Der weitergehende Antrag wird abgelehnt.

Gründe

I.

Die Antragstellerin begehrt für ihre Tätigkeit als gerichtlich bestellte Verteidigerin die Gewährung einer Pauschgebühr, die die Wahlverteidigerhöchstgebühren noch übersteigt.

Sie ist dem ehemaligen Angeklagten in dem führenden Verfahren durch Beschluss vom 04. Februar 2005 als Pflichtverteidigerin beigeordnet worden, mithin vor der am 26. April 2005 erfolgten Anklageerhebung. Erstmals tätig geworden ist sie am 31. Januar 2002. In dem verbundenen Verfahren ist sie erstmals am 15. Februar 2005 tätig geworden; die Anklageschrift ist in jenem Verfahren am 4. Juli 2005 beim Landgericht Detmold eingegangen. Die Bestellung zur Pflichtverteidigerin erfolgte gleichfalls am 4. Juli 2005.

Hinsichtlich der Tätigkeiten der Antragstellerin im Einzelnen wird auf die Stellungnahme des Leiters des Dezernats 10 vom 10. November 2005 Bezug genommen, die der Antragstellerin bekannt ist und in der deren Tätigkeitsumfang zutreffend dargestellt ist.

Auf die Sache ist das am 1. Juli 2004 in Kraft getretene RVG anwendbar, da die Beiordnung der Antragstellerin erst im Februar 2005 erfolgte, so dass gemäß § 61 Abs. 1 Satz 1 2. Alternative RVG das RVG und nicht (mehr) die BRAGO anwendbar ist.

II.

Der Antragstellerin war nach § 51 RVG eine Pauschgebühr zu bewilligen.

1.

Das Verfahren war zum einen "besonders schwierig" im Sinne von § 51 Abs. 1 RVG. Zur Frage, wann ein Verfahren "besonders schwierig" ist, hält der Senat an seiner bisherigen Rechtsprechung zu § 99 Abs. 1 BRAGO fest. Das RVG hat insoweit keine Änderung gebracht (vgl. Burhoff, RVG, Straf- und Bußgeldsachen, § 51 Rn. 18), so dass die bisherige Rechtsprechung anwendbar bleibt. "Besonders schwierig" im Sinne des § 51 Abs. 1 RVG ist also ein Verfahren, das aus besonderen tatsächlichen oder rechtlichen Gründen über das Normalmaß hinaus erheblich verwickelt ist (vgl. dazu zu § 99 BRAGO Burhoff in StraFo 1999, 261, 264). Der Senat schließt sich vorliegend der Einschätzung des Vorsitzenden der Wirtschaftsstrafkammer an (vgl. dazu grundlegend Senat in AnwBl. 1998, 416 = ZAP EN-Nr. 609/98 = AGS 1998, 104 und Senat in JurBüro 1999, 194 = AGS 1999, 104 = AnwBl. 2000, 56). Die Einschätzung des Vorsitzenden des Gerichts ist nach wie vor i.d.R. maßgeblich.

2.

Das Verfahren war für die Antragstellerin zum anderen "besonders umfangreich" im Sinne des § 51 Abs. 1 RVG.

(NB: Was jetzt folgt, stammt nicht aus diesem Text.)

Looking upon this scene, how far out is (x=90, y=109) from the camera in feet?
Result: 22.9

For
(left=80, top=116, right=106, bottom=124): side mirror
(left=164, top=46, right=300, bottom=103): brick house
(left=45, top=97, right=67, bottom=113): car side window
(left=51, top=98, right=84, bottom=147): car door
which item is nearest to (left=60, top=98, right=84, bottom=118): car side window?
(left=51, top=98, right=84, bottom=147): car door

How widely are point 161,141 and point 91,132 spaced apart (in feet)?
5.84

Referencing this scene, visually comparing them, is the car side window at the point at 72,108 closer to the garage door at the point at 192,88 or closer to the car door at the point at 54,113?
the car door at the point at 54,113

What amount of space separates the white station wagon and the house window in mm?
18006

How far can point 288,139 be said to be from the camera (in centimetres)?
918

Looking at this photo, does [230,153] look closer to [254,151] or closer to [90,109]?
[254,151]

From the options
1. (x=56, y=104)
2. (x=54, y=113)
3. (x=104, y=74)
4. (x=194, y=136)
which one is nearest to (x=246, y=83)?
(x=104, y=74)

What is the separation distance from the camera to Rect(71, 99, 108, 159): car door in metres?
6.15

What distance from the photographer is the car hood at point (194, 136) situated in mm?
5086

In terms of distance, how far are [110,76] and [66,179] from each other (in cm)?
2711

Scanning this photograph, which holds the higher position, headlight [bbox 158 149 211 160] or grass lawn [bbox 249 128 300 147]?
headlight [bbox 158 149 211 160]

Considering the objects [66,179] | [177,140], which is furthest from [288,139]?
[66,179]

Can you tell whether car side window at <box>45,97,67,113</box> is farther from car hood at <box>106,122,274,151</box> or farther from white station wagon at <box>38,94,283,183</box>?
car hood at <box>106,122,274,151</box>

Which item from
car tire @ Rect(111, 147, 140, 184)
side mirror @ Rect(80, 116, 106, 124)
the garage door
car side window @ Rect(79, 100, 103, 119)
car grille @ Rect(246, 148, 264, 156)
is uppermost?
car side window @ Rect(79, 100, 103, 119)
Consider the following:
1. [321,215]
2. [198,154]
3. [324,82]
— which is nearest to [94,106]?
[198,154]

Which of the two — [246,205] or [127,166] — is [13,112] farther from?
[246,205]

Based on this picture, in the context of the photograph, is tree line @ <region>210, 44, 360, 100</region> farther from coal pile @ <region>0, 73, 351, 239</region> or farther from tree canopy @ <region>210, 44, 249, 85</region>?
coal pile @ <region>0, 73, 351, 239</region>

Auch insoweit bleibt, da die Formulierung des § 51 Abs. 1 RVG dem bisherigen § 99 Abs. 1 BRAGO entspricht, die bisherige Rechtsprechung des Senats zum "besonderen Umfang" weitgehend anwendbar. Allerdings muss sie jeweils sorgfältig darauf untersucht werden, inwieweit Tätigkeiten, für die das RVG einen besonderen Gebührentatbestand geschaffen hat, jeweils für die Annahme des "besonderen Umfangs" mitbestimmend gewesen sind (Burhoff/Burhoff, a.a.O., § 51 RVG Rn. 11).

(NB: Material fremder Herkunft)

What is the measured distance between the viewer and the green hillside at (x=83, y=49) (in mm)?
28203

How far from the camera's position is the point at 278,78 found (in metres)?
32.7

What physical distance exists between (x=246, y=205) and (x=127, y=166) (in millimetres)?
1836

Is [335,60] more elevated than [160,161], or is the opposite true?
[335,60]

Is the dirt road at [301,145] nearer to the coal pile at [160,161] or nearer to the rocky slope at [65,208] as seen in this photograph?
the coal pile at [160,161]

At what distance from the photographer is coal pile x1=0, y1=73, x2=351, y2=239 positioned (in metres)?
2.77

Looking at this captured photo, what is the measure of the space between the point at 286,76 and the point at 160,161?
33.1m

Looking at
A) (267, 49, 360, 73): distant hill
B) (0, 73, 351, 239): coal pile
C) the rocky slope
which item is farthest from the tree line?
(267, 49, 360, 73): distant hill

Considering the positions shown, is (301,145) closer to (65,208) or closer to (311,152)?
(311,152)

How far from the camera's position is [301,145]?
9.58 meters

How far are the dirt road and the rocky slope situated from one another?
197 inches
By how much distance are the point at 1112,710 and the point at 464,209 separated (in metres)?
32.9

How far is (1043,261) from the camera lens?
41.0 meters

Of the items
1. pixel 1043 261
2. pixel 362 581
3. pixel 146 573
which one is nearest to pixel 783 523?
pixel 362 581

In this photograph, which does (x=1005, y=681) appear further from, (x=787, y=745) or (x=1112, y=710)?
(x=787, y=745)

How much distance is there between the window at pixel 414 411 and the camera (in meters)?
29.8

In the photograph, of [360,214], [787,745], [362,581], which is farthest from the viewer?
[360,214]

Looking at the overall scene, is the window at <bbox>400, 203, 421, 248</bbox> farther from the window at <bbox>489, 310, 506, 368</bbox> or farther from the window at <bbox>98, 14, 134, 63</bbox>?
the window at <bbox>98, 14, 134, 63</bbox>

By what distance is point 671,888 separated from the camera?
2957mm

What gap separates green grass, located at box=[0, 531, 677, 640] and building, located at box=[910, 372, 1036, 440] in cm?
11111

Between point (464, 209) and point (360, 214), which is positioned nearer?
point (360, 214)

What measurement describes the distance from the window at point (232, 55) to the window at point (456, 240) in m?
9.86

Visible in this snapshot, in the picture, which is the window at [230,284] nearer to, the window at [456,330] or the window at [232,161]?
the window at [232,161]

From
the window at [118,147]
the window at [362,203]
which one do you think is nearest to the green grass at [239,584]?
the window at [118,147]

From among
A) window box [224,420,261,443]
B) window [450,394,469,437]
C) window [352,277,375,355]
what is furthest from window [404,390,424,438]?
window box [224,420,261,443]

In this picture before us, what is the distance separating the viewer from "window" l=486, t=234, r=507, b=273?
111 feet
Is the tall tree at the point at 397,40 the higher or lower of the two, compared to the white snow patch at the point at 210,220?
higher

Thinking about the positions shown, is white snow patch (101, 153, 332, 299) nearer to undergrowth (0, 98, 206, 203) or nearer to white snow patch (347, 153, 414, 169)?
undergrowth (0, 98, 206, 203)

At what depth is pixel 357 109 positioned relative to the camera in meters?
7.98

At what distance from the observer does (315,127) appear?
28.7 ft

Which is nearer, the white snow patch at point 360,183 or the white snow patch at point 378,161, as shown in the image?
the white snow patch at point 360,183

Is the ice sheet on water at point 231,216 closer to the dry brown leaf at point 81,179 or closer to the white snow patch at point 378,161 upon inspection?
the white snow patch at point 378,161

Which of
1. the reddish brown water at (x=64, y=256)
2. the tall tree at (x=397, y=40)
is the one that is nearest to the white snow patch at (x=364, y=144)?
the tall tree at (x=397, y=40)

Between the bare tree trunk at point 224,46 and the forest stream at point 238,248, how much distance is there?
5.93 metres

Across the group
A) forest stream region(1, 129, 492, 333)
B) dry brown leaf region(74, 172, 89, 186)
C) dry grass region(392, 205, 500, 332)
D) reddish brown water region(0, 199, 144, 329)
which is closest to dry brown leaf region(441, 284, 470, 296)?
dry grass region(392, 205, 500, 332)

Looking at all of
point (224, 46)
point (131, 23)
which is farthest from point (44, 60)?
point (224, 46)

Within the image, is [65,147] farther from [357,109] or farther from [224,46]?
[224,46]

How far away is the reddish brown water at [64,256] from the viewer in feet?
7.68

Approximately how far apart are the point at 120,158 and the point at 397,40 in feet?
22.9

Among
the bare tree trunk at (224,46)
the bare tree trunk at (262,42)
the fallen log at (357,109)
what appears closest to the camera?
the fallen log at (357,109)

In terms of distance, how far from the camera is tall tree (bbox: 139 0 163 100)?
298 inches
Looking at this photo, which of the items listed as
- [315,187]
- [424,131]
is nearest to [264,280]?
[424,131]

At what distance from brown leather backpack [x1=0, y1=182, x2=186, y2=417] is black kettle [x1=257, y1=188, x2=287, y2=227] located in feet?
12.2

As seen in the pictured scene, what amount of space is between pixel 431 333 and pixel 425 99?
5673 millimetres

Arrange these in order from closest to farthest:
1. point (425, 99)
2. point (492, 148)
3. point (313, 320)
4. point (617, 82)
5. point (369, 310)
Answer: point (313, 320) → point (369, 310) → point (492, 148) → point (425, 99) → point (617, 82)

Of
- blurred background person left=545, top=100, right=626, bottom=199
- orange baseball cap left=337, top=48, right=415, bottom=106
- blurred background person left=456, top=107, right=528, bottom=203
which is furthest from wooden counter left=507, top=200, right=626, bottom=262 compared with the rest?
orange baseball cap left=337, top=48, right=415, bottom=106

"Besonders umfangreich" ist eine Strafsache danach nach wie vor dann, wenn der von dem Verteidiger erbrachte zeitliche Aufwand erheblich über dem Zeitaufwand liegt, den er in einer "normalen" Sache zu erbringen hat (allgemeine Meinung zu § 99 BRAGO; vgl. die Nachweise bei Burhoff in StraFo 1999, 261, 263 in Fn. 30 und die ständige Rechtsprechung des Senats).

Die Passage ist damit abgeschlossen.